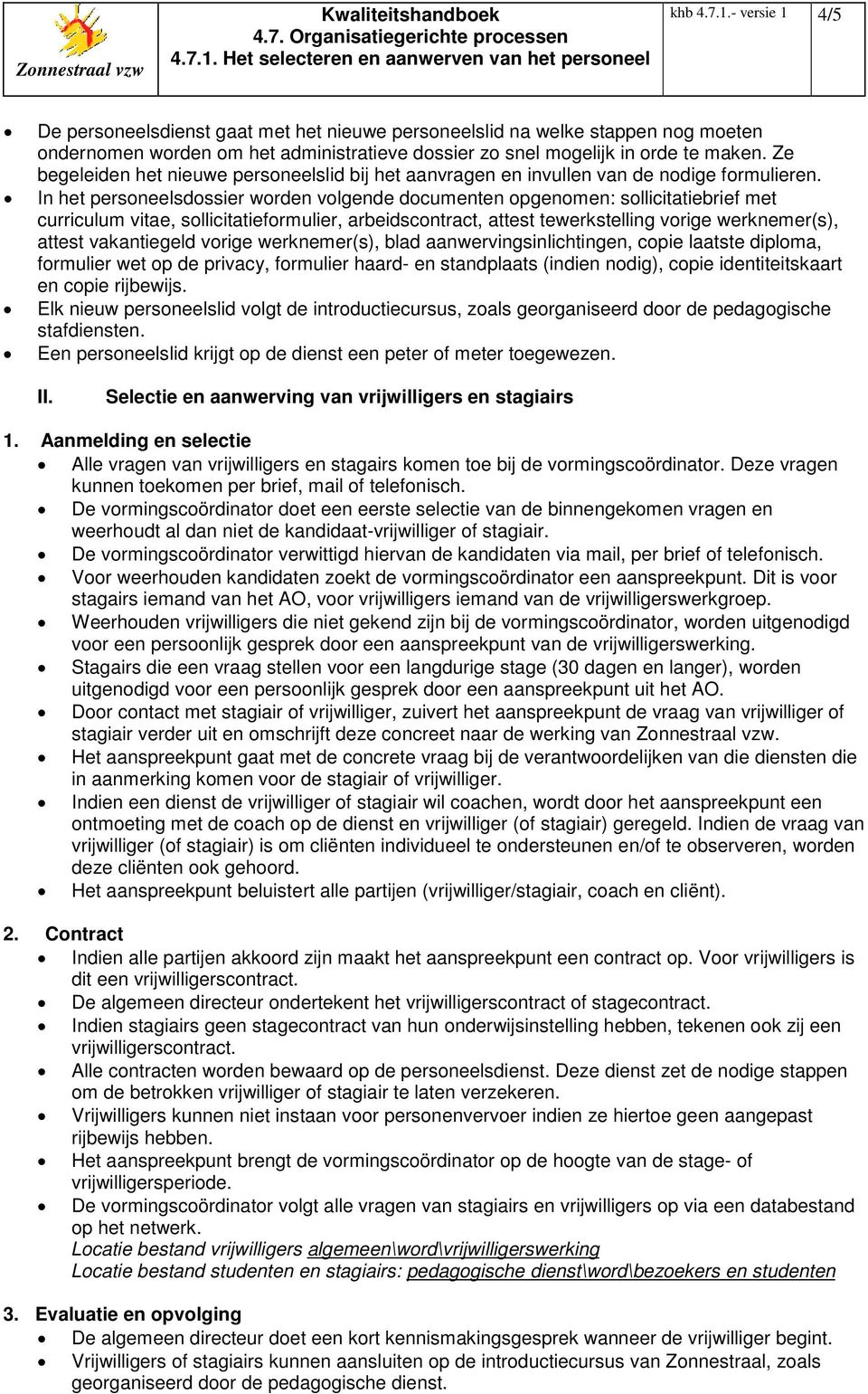 In het personeelsdossier worden volgende documenten opgenomen: sollicitatiebrief met curriculum vitae, sollicitatieformulier, arbeidscontract, attest tewerkstelling vorige werknemer(s), attest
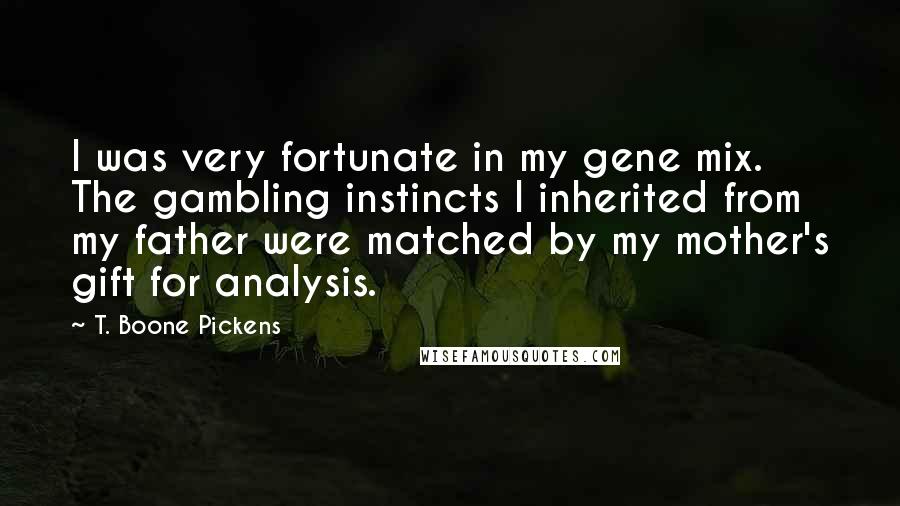 T. Boone Pickens Quotes: I was very fortunate in my gene mix. The gambling instincts I inherited from my father were matched by my mother's gift for analysis.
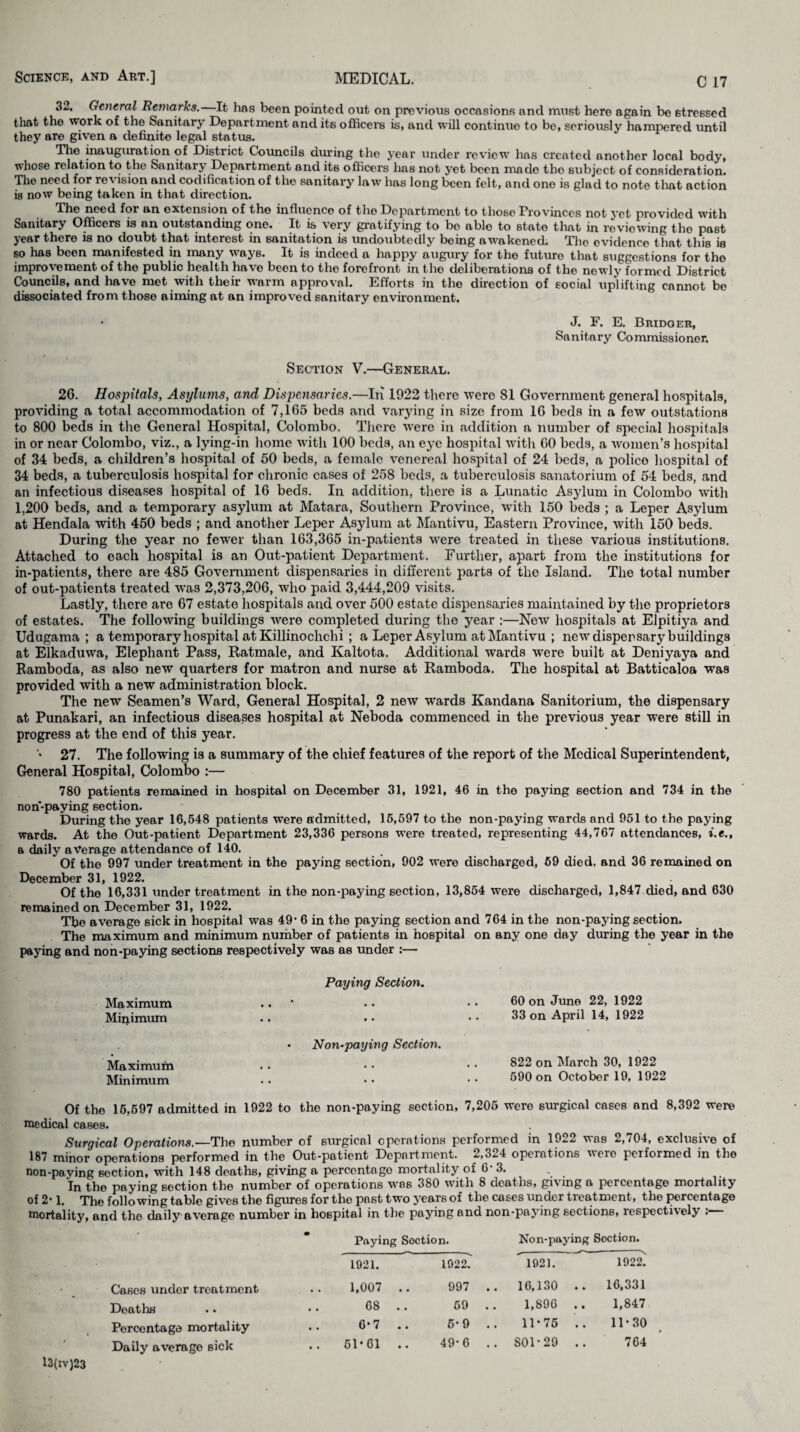 32. General Remarks. It lias been pointed out on previous occasions and must here again be stressed that the work of the Sanitary Department and its officers is, and will continue to be, seriously hampered until they are given a definite legal status. Tlie inauguration of District Councils during the year under review has created another local body, whose relation to the Sanitary Department and its officers has not yet been made tho subject of consideration. The need for revision and codification of the sanitary law has long been felt, and one is glad to note that action is now being taken in that direction. The need for an extension of the influence of tho Department to those Provinces not yet provided with Sanitary Officers is an outstanding one. It is very gratifying to bo able to state that in reviewing tho past year there is no doubt that interest in sanitation is undoubtedly being awakoned. Tho ovideneo that this is so has been manifested in many ways. It is indeed a happy augury for the future that suggestions for tho improvement of tho public health havo been to the forefront in tho deliberations of the newly formed District Councils, and havo met with their warm approval. Efforts in the direction of social uplifting cannot be dissociated from those aiming at an improved sanitary environment. • J. F. E. Bridqer, Sanitary Commissioner. Section V.—General. 26. Hospitals, Asylums, and Dispensaries.—In 1922 there were 81 Government general hospitals, providing a total accommodation of 7,165 beds and varying in size from 16 beds in a few outstations to 800 beds in the General Hospital, Colombo. There wfere in addition a number of special hospitals in or near Colombo, viz., a lying-in home with 100 beds, an eye hospital with 60 beds, a women’s hospital of 34 beds, a children’s hospital of 50 beds, a female venereal hospital of 24 beds, a polico hospital of 34 beds, a tuberculosis hospital for chronic cases of 258 beds, a tuberculosis sanatorium of 54 beds, and an infectious diseases hospital of 16 beds. In addition, there is a Lunatic Asylum in Colombo with 1,200 beds, and a temporary asylum at Matara, Southern Province, with 150 beds ; a Leper Asylum at Hendala with 450 beds ; and another Leper Asylum at Mantivu, Eastern Province, with 150 beds. During the year no fewer than 163,365 in-patients were treated in these various institutions. Attached to each hospital is an Out-patient Department. Further, apart from the institutions for in-patients, there are 485 Government dispensaries in different parts of the Island. The total number of out-patients treated was 2,373,206, who paid 3,444,209 visits. Lastly, there are 67 estate hospitals and over 500 estate dispensaries maintained by the proprietors of estates. The following buildings were completed during the year :—New hospitals at Elpitiya and Udugama ; a temporary hospital at Killinochchi ; a Leper Asylum at Mantivu ; new dispensary buildings at Elkaduwa, Elephant Pass, Ratmale, and Kaltota. Additional wards were built at Deniyaya and Ramboda, as also new quarters for matron and nurse at Ramboda. The hospital at Batticaloa was provided with a new administration block. The new Seamen’s Ward, General Hospital, 2 new wards Kandana Sanitorium, the dispensary at Punakari, an infectious diseases hospital at Neboda commenced in the previous year were still in progress at the end of this year. 27. The following is a summary of the chief features of the report of the Medical Superintendent, General Hospital, Colombo :— 780 patients remained in hospital on December 31, 1921, 46 in the paying section and 734 in the non-paying section. During the year 16,548 patients were admitted, 15,597 to the non-paying wards and 951 to the paying wards. At the Out-patient Department 23,336 persons were treated, representing 44,767 attendances, i.e., a daily average attendance of 140. Of the 997 under treatment in the paying section, 902 were discharged, 69 died, and 36 remained on December 31, 1922. Of the 16,331 under treatment in the non-paying section, 13,854 were discharged, 1,847 died, and 630 remained on December 31, 1922, The average sick in hospital was 49’ 6 in the paying section and 764 in the non-paying section. The maximum and minimum number of patients in hospital on any one day during the year in the paying and non-paying sections respectively was as under :— Paying Section. Maximum Minimum • • • • • • • • » • • • 60 on June 22, 1922 33 on April 14, 1922 • Non-paying Section. Maximum Minimum .. 822 on March 30, 1922 590 on October 19, 1922 Of the 16,597 admitted in 1922 to the non-paying section, 7,205 were surgical cases and 8,392 were medical cases. Surgical Operations.— The number of surgical operations performed in 1922 was 2,704, exclusive of 187 minor operations performed in the Out-patient Department. 2,324 operations were performed in the non-paying section, with 148 deaths, giving a percentage mortality of 6- 3. . In tho paying section the number of operations was 380 with 8 deaths, giving a percentage mortality of 2’ 1. The following table gives the figures for the post two years of the cases under treatment, the percentage mortality, and the daily average number in hospital in the paying and non-paying sections, respectively : Paying Section. Non-paying Soction. 1921. 1922. ’ 1921. 1922. Cases under treatment 1,007 .. 997 .. 16,130 .. 16,331 Deaths . . 68 69 . . 1,896 .. 1,847 Percentage mortality 6-7 .. 6-9 .. 11-75 .. 11-30 Daily average sick .. 51*61 .. 49-6 .. SOD 29 .. 764 13(iv)23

TASK DETAILS:
Your task is to repeat exactly the lines from the beginning of the data to the line that contains "T. Boone Pickens", both ends included, leaving out pictures.

YOUR SOLUTION:
 In het personeelsdossier worden volgende documenten opgenomen: sollicitatiebrief met curriculum vitae, sollicitatieformulier, arbeidscontract, attest tewerkstelling vorige werknemer(s), attest
 T. Boone Pickens Quotes: I was very fortunate in my gene mix. The gambling instincts I inherited from my father were matched by my mother's gift for analysis.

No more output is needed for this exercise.